In human anatomy, the groin, also known as the inguinal region or iliac region, is the junctional area between the torso and the thigh. The groin is at the front of the body on either side of the pubic tubercle, where the lower part of the abdominal wall meets the thigh. A fold or crease is formed at this junction known as the inguinal groove or crease. This is also the area of the medial compartment of the thigh that contains attachments of the adductor muscles of the hip or the groin muscles. A "groin pull" involving a strain of the leg adductor muscle group in the inguinal area is a common sports injury.

==Gross anatomy==
Where the lower part of the anterior abdominal wall meets the thigh, a crease is formed known as the inguinal groove or crease. The junction is the area of the medial compartment of the thigh that contains the attachments of the adductor muscles of the hip, also known as the groin muscles.

The adductor muscles that make up the groin consist of the adductor brevis, adductor longus, adductor magnus, gracilis, and pectineus. These groin muscles adduct the thigh (bring the thigh and knee closer to the midline).
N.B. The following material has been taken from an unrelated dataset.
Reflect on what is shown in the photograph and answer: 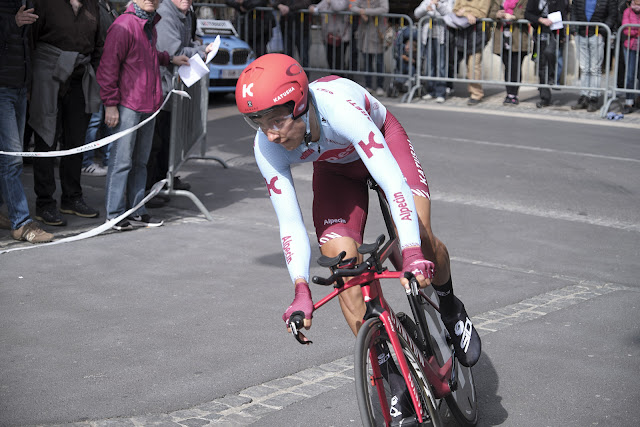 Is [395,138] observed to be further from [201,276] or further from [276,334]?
[201,276]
The groin is innervated by branches of the lumbar plexus. The pectineus muscle is innervated by the femoral nerve, and the hamstring portion of adductor magnus is innervated by the tibial nerve.

In the groin, underneath the skin, there are three to five deep inguinal lymph nodes that play a role in the immune system. A chain of superficial inguinal lymph nodes drain to the deep nodes.

There are two depressions called fossae in an area called the inguinal triangle—the lateral inguinal fossa and the medial inguinal fossa.

The inguinal ligament runs from the pubic tubercle to the anterior superior iliac spine, and its anatomy is important for hernia operations.

==Clinical significance==
A pulled groin muscle usually refers to a painful strain of the hip adductor muscles. This type of injury is related to risk factors including overuse and previous injury.

An inguinal hernia is a hernia of the groin and can be either a direct hernia, or an indirect hernia, according to its particular location. Sometimes a direct hernia may be present with an indirect hernia on the same side when it is known as a saddlebag hernia.

Like other flexion surfaces of large joints (popliteal fossa, armpit, cubital fossa), it is an area where blood vessels and nerves pass relatively superficially, and with an increased amount of lymph nodes.

In a venography procedure, the groin is the preferred site for incisions to enter a catheter into the vascular system.